Scopic is the right choice for organizations needing fully custom ML engineering with 20+ years of distributed team experience and strong computer vision and deep learning capability.
20+ years as a distributed software company gives Scopic strong custom ML engineering discipline with confirmed production deployments across transportation and healthcare. Minimum engagement starts at $20K. Works best with clients in transportation, healthcare, manufacturing, financial services, edtech.

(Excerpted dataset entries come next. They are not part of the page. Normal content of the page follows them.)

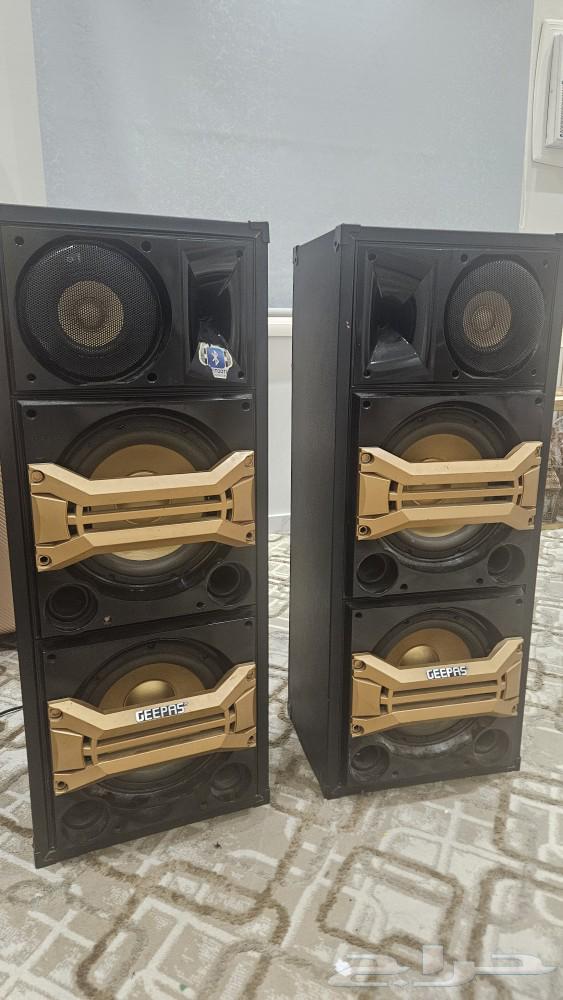 Big concert headphones630193076108831120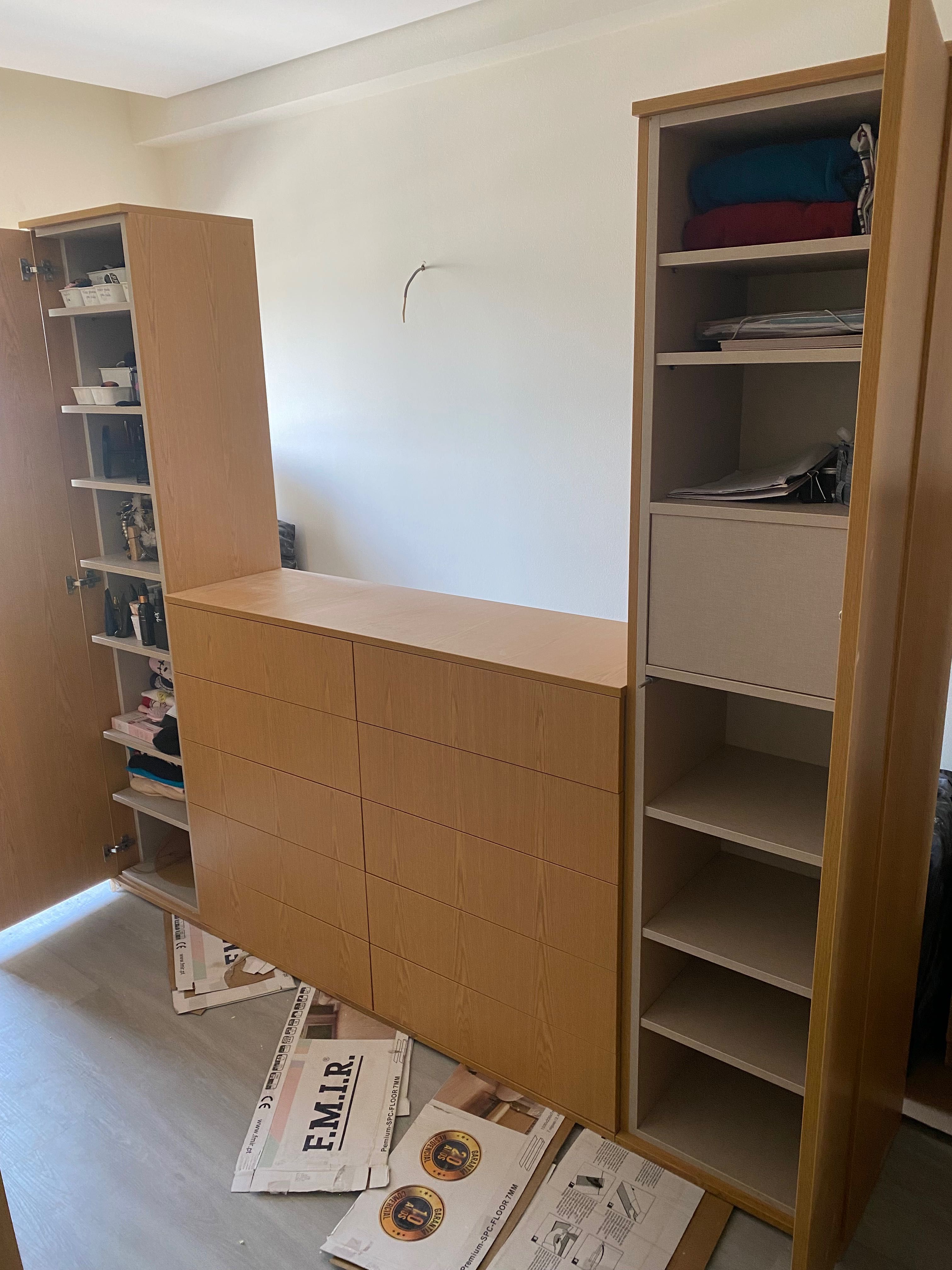Mobília de quarto, cama com colchão, 2 mesas de cabeceira e cómoda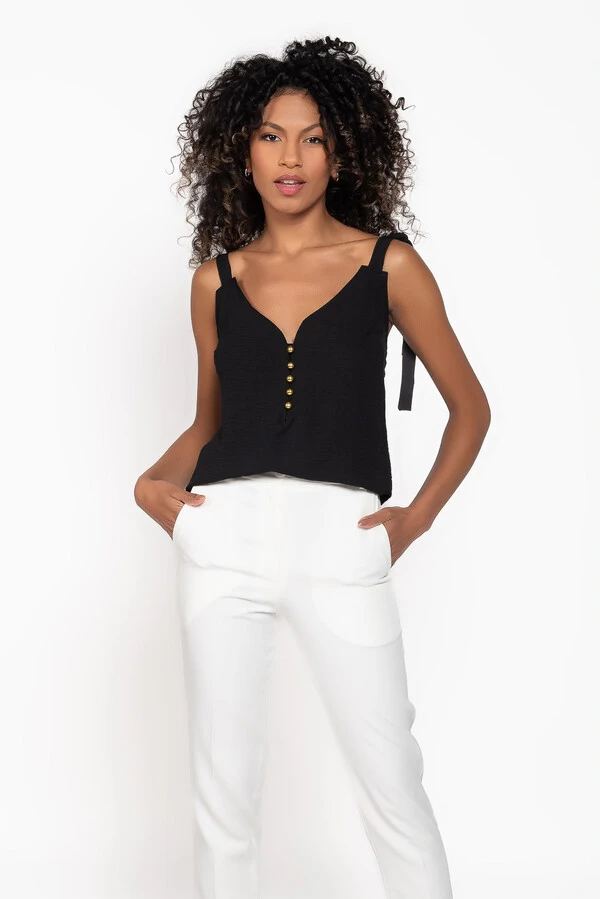 Blusa com alca amarracao e botoes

Decision matrix: Addepto vs Scopic
| Your situation | Recommended choice |
|---|---|
| You need full-ownership delivery on a defined project scope | Addepto |
| You need a large dedicated team for an ongoing programme | Addepto |
| Your budget is at the lower end | Addepto |
| You need specialist depth in a specific vertical | Addepto |
| You need staff augmentation or team extension | Neither; consider alternatives that offer staff aug |
| You need consulting before committing to a build | Addepto |
Use case fit: Addepto vs Scopic
| Use case | Addepto fit | Scopic fit | Winner |
|---|---|---|---|
| Credit risk scoring and fraud detection model development for fintech platforms | Strong | Limited | Addepto |
| Energy demand forecasting and grid optimization using time-series ML models | Strong | Limited | Addepto |
| Custom computer vision pipeline development for transportation safety or logistics automation | Strong | Strong | Both equally |
| Deep learning model development for medical image analysis or clinical data classification | Limited | Strong | Scopic |
| Fixed-price build | Limited | Limited | Both equally |
| Staff augmentation | Limited | Limited | Both equally |
Verdict: Addepto vs Scopic
Addepto (4.2/5) is the stronger overall choice for most Machine Learning Development projects. End-to-end AI/ML delivery with particular sector depth in financial services and energy — industries that require compliance sophistication alongside technical capability. It is best for mid-market companies in finance, energy, or retail needing bespoke ML models with full data pipeline support and sector-specific regulatory awareness.
Scopic (3.9/5) is the better choice when organizations needing fully custom ML engineering with 20+ years of distributed team experience and strong computer vision and deep learning capability. If your situation matches those criteria, Scopic is a competitive option.
Related comparisons
Addepto vs Scopic FAQ
Is Addepto better than Scopic?
Addepto (4.2/5) scores higher overall, but "better" depends on your use case. Addepto is better for mid-market companies in finance, energy, or retail needing bespoke ML models with full data pipeline support and sector-specific regulatory awareness. Scopic is better for organizations needing fully custom ML engineering with 20+ years of distributed team experience and strong computer vision and deep learning capability.
How do Addepto and Scopic differ in pricing?
Addepto uses fixed project, t&m, dedicated team pricing with a minimum engagement of $20K. Scopic uses fixed project, t&m, dedicated team pricing with a minimum engagement of $20K. Neither firm publishes a full rate card; a discovery call is required for project-specific quotes.
Which is better for enterprise: Addepto or Scopic?
Scopic is the larger team and typically the better enterprise-scale choice. For very large programmes, verify team size and compliance coverage directly with each company before shortlisting.
What are the main differences between Addepto and Scopic?
Addepto's primary differentiator is: end-to-end ai/ml delivery with particular sector depth in financial services and energy — industries that require compliance sophistication alongside technical capability. Scopic's primary differentiator is: 20+ years as a distributed software company gives scopic strong custom ml engineering discipline with confirmed production deployments across transportation and healthcare. They also differ in team size (50–200 vs 250–500), minimum engagement ($20K vs $20K), and primary industries served (fintech, energy vs transportation, healthcare).
Last reviewed: July 2026. Verify all details directly with each company before making a decision.